The reason for this process is that a thorough peer review of a paper is a significant amount of work, probably around 20-30 hours for an average length paper, and hence a thorough peer review can take 6 months or a year to be completed.  A pre-review can usually be done in 2-3 hours at most and is easier to fit into a busy schedule.

There is a section in my CV for peer reviewing where I list the journals for which I have done peer review (with a month and year in the university internal version).  Until now, I have only listed full reviews.  Should I list pre-reviews that I have done?  Should this be a separate section?

onthefringe

This sounds like one where field norms are going to muddy the waters a lot. But based on your description, it sounds like being asked to do "pre-reviews" is a sign of stature, in which case, I would probably include it as a separate section, especially in a CV that was being reviewed for a promotion or for some sort of prize/recognition.

traductio

Quote from: quasihumanist on July 21, 2021, 11:20:15 PM
The reason for this process is that a thorough peer review of a paper is a significant amount of work, probably around 20-30 hours for an average length paper, and hence a thorough peer review can take 6 months or a year to be completed.

My goodness -- I do a lot of peer review, and if each review took me 20–30 hours (instead of 2–3), well, I guess I'd have to say no to 90% of them. Wow.

(And yet it still takes six months or a year in my field -- communication -- to get reviews back.)

mleok

As an applied mathematician, the time I spend on a review does not exceed 4 hours, and I would spend around 30 minutes at most on a determination about whether a paper is significant enough to warranty a full review. I've ever checked every single calculation in a paper during a review, nor have I received reviews which would suggest that a referee has done the same for my papers.

jerseyjay

That sounds like a lot of work.
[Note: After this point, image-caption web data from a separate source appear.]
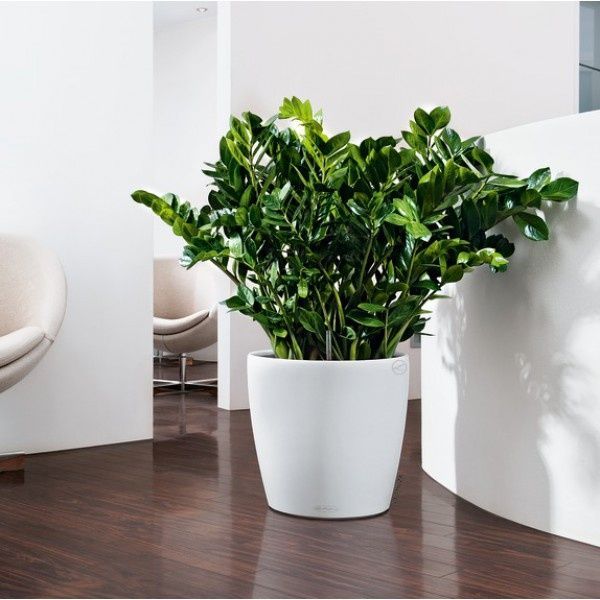 Ghiveci inteligent Lechuza Classico Color 35 rotund 17 l 35 x 33 cm, Culoare Alb 13210 foto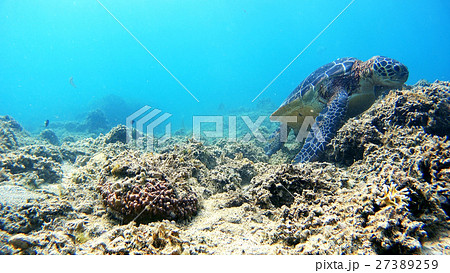 沖縄　阿嘉島アカビーチのアオウミガメ 水中撮影 27389259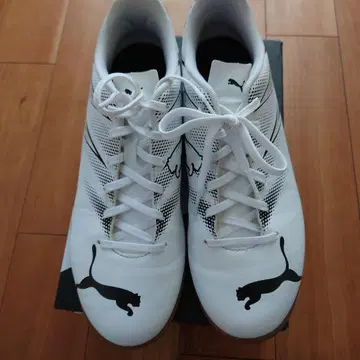 Puma 풋살화 화이트
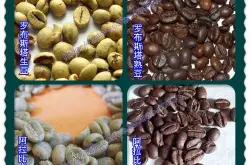 浅谈阿拉比卡咖啡与罗布斯塔咖啡之差别 好豆子与坏豆子的区别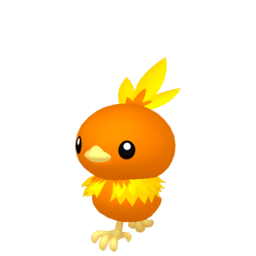 Torchic Image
I will leave it to the mathematicians to decide if that work is necessary. In my field (history) peer reviews take a lot less actual work, although it still usually takes no less than six months to hear back from a journal.

[For information: I just did a review of an article yesterday. I read it (about an hour), taking notes while reading. I had to look some stuff up, but I did not go  over the author's sources. (If the author plagiarized, made up stuff, or misrepresented stuff, I really wouldn't notice, unless I have more personal knowledge of the sources used.).
Then it took about an hour to write up my notes. Probably another 20 minutes trying to navigate the stupid online system the journal has. So three hours, give or take, but sometimes it is longer if the paper is poorly written, or is more complicated.]

In regards to the actual question: I assume that maths professors have their own norms. That said, in my CV as a historian, I list (under service to the profession) all the journals and presses I have done reviews for. Since I have done both book and journal reviews, I list them separately. I might suggest you do the same thing, perhaps under the headings, "Full Peer Review" and "Initial Review" or something.

I do not think this would make or break any tenure or promotion application, but it does show your are esteemed enough to ask and dedicated enough to do both types of review.


Hibush

You might as well include those. There is no mathematical formula relating time spent on manuscript review to job performance or professional stature. These show qualitatively that editors see you as a well-rounded authority. The record is a datum that can be used to support claims along those lines in performance reviews, promotion documents or award nominations.

Vkw10

Could you do something like:

PEER REVIEWS
Journal A, 2021 (1 full review, 3 initial), 2020 (2 full, 1 initial)

That seems to avoid the appearance of padding, while showing people familiar with the field that you're recognized as a senior scholar by editors of prestigious journals.

20-30 hours to review an article? Ouch! I've spent up to eight hours, for a paper that showed promise but needed extensive revisions or for a paper where I suspected the author was misrepresenting a cited article, but 4-5 hours is typical.
Enthusiasm is not a skill set. (MH)

Parasaurolophus

I would distinguish that work from ordinary refereeing, just as I distinguish between conference, journal, and book refereeing.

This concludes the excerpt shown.